> **What the exercise asks**
From the material below, set down exactly the lines that run from the one containing "Vector teenager boy practice running outdoor" to the one containing "black recycled tshirt yarn Australia", minus the pictures.

======== Dataset entries

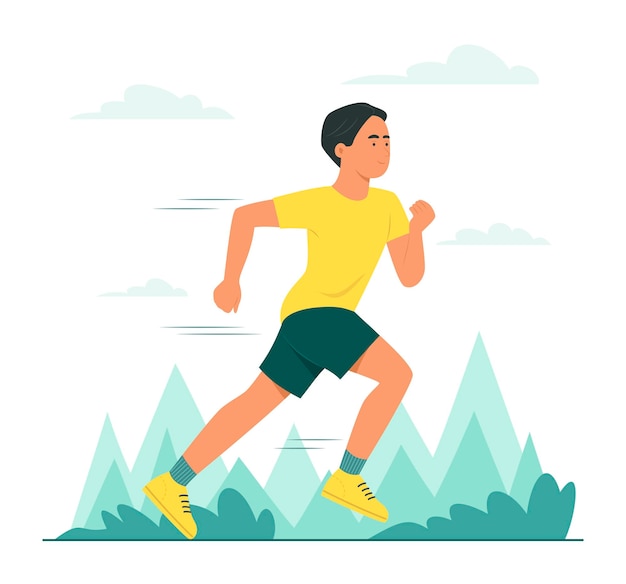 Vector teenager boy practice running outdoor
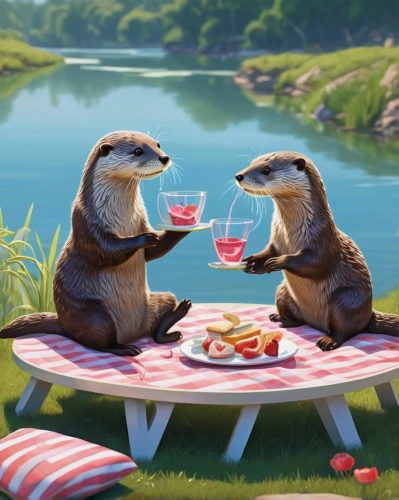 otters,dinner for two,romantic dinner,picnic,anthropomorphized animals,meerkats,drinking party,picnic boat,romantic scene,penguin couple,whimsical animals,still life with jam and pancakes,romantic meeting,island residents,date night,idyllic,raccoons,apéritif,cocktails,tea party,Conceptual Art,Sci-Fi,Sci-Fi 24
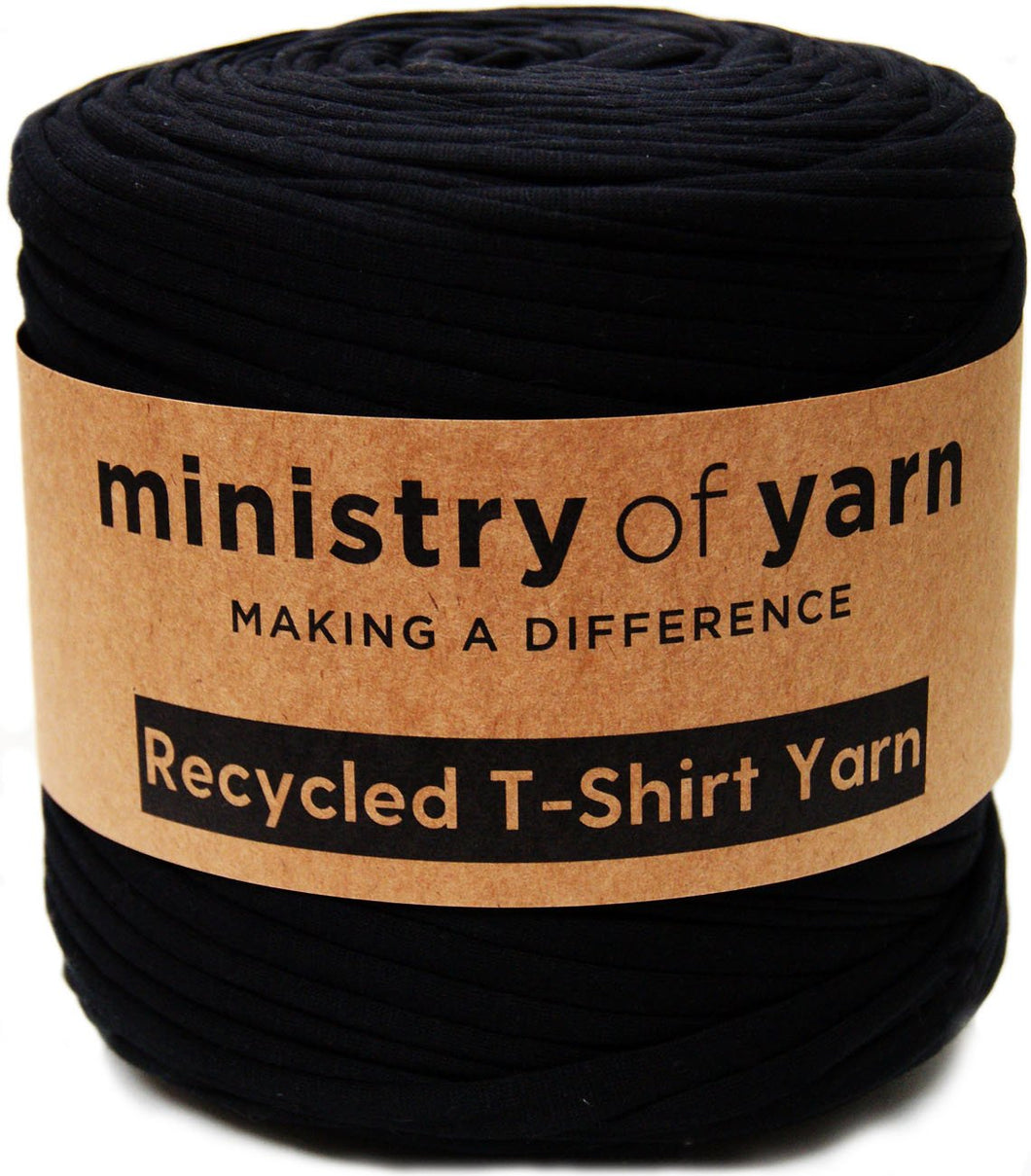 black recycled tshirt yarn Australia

================
======== Dataset entries

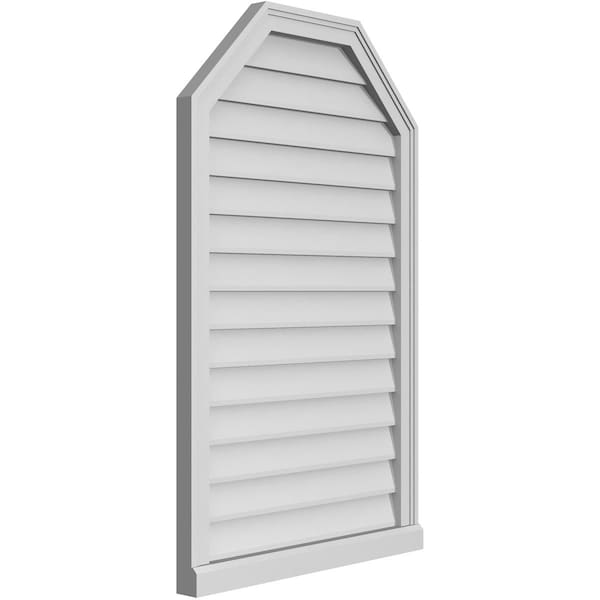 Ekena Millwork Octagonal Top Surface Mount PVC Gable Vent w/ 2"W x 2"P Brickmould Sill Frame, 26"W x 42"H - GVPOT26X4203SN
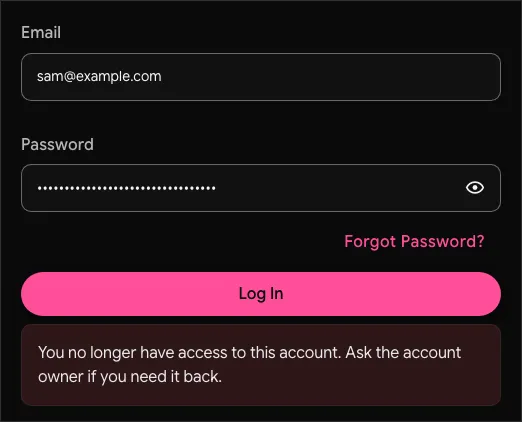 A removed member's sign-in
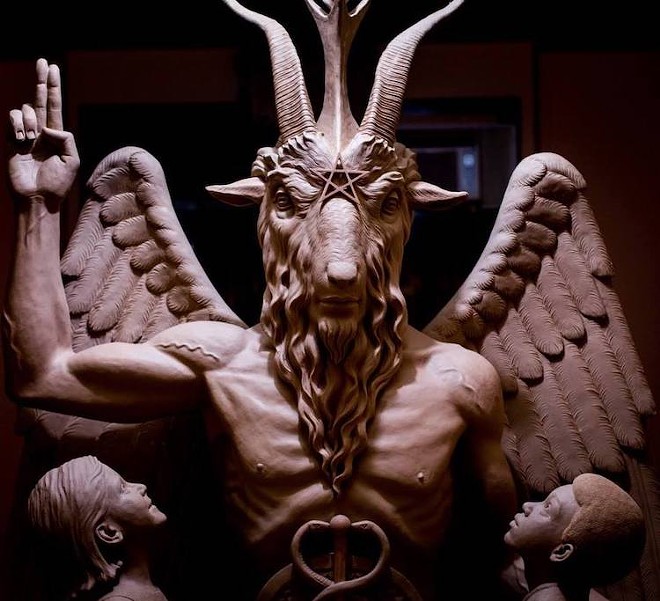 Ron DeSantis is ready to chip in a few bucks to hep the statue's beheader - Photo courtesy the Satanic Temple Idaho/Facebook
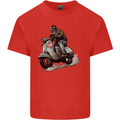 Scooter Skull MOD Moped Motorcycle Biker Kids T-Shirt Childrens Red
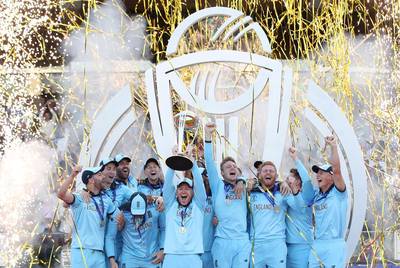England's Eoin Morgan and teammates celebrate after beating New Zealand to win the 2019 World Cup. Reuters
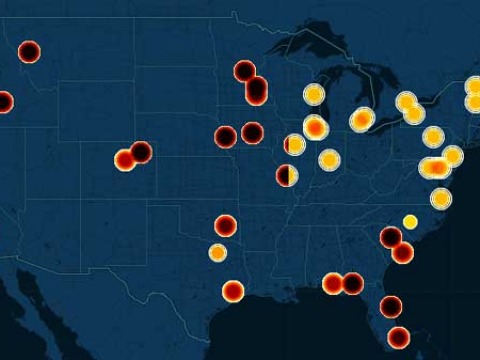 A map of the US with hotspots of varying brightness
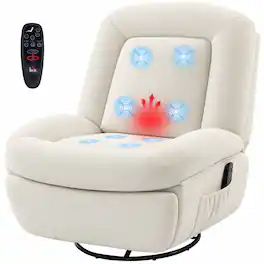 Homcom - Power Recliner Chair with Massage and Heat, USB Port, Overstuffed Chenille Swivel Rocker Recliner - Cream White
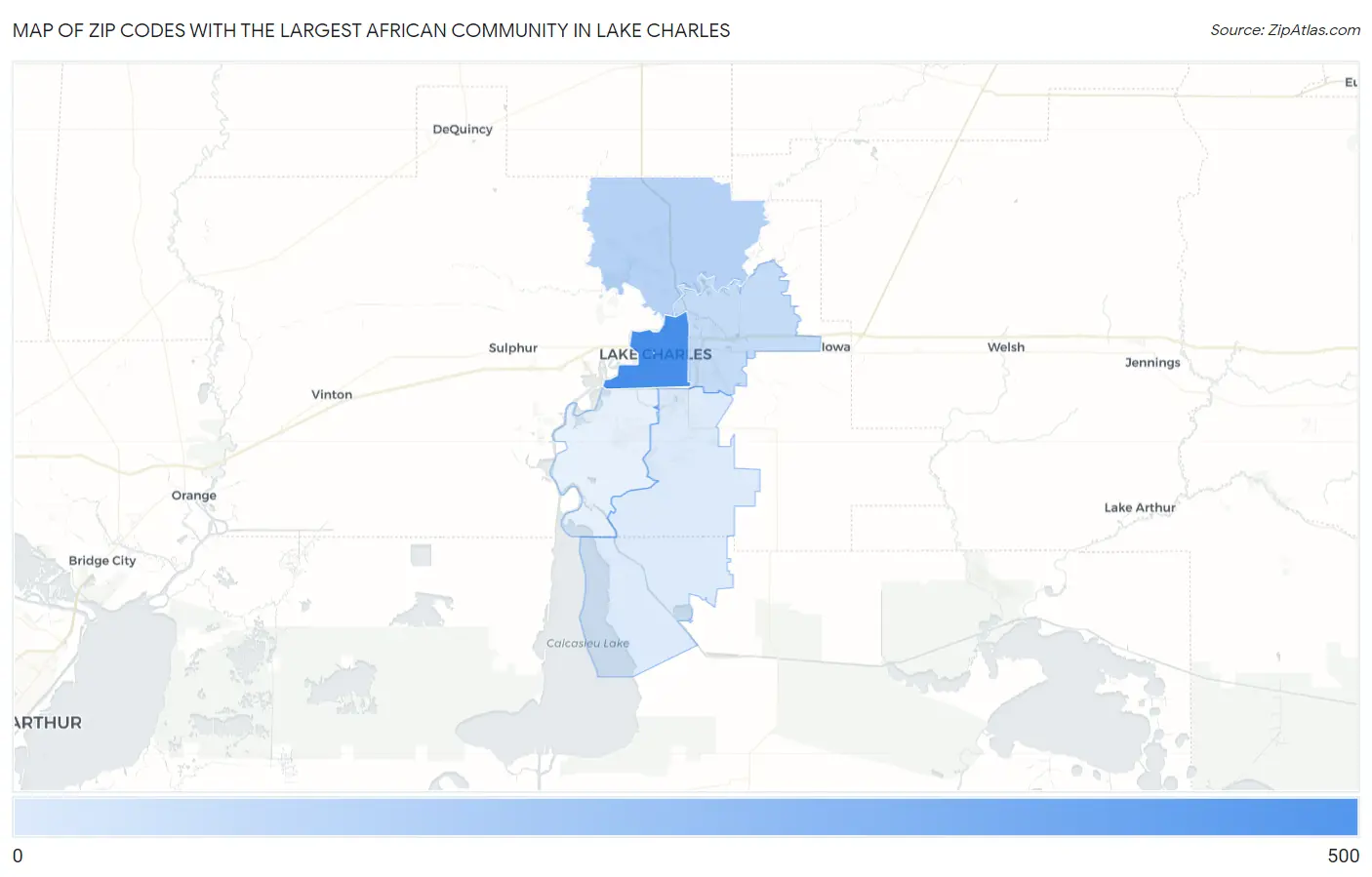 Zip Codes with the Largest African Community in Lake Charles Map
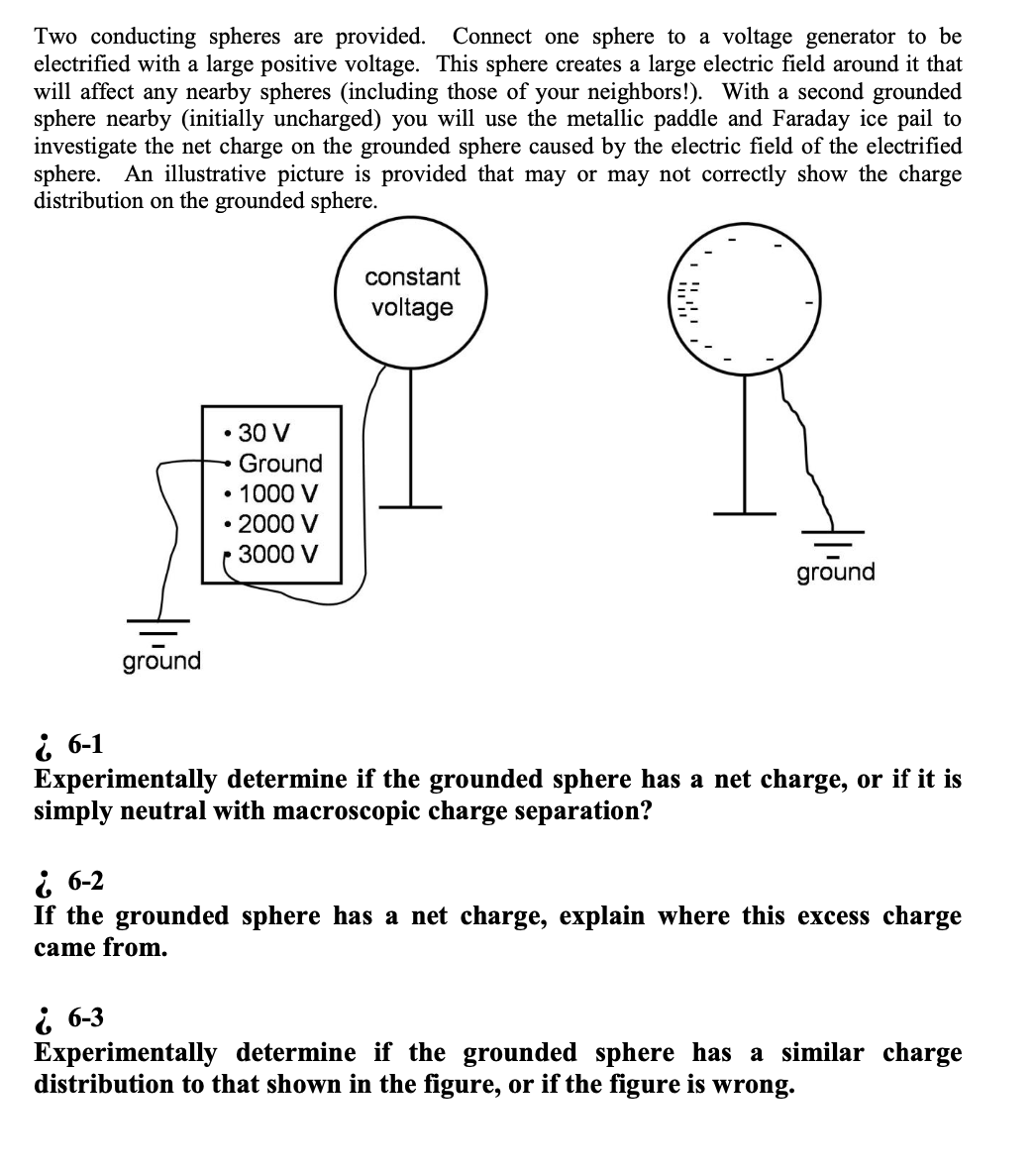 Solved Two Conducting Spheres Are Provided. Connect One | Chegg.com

================

> **Completed exercise**
 Vector teenager boy practice running outdoor
 otters,dinner for two,romantic dinner,picnic,anthropomorphized animals,meerkats,drinking party,picnic boat,romantic scene,penguin couple,whimsical animals,still life with jam and pancakes,romantic meeting,island residents,date night,idyllic,raccoons,apéritif,cocktails,tea party,Conceptual Art,Sci-Fi,Sci-Fi 24
 black recycled tshirt yarn Australia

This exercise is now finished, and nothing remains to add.